• _Work order_
Look below for the line that has "Rauch und Qualm"; output exactly from it through the line that has "Photo 2 of Townhouse", and leave the pictures out.

• _Exercise data_
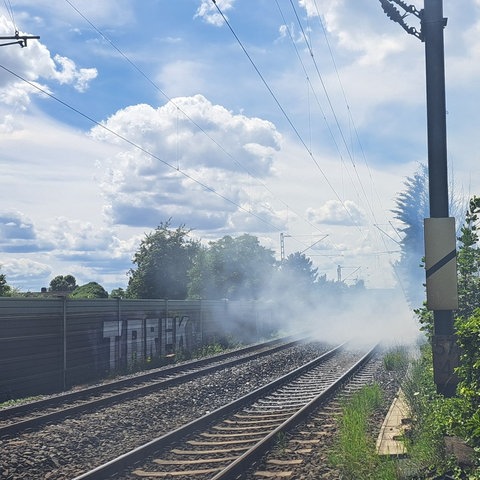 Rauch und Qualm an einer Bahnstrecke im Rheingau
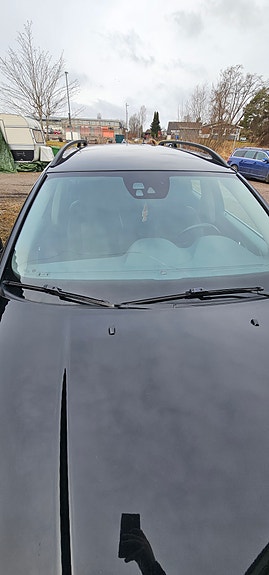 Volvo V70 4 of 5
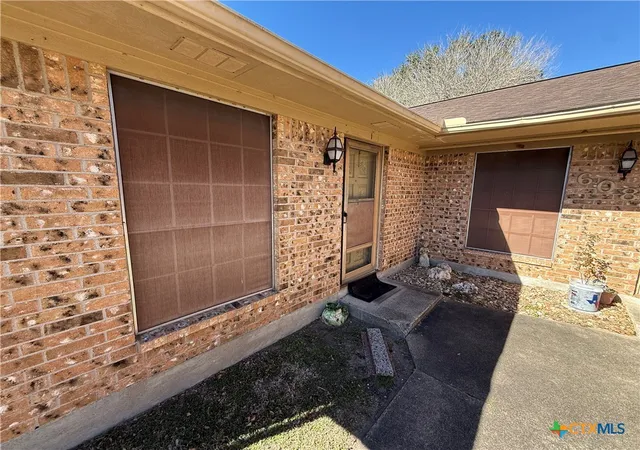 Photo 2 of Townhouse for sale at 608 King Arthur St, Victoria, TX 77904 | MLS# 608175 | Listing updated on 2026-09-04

* * *

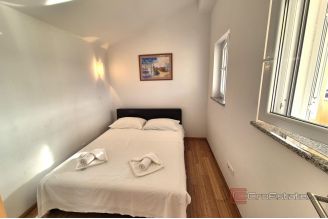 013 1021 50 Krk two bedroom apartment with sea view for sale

• _Answer section_
 Rauch und Qualm an einer Bahnstrecke im Rheingau
 Volvo V70 4 of 5
 Photo 2 of Townhouse for sale at 608 King Arthur St, Victoria, TX 77904 | MLS# 608175 | Listing updated on 2026-09-04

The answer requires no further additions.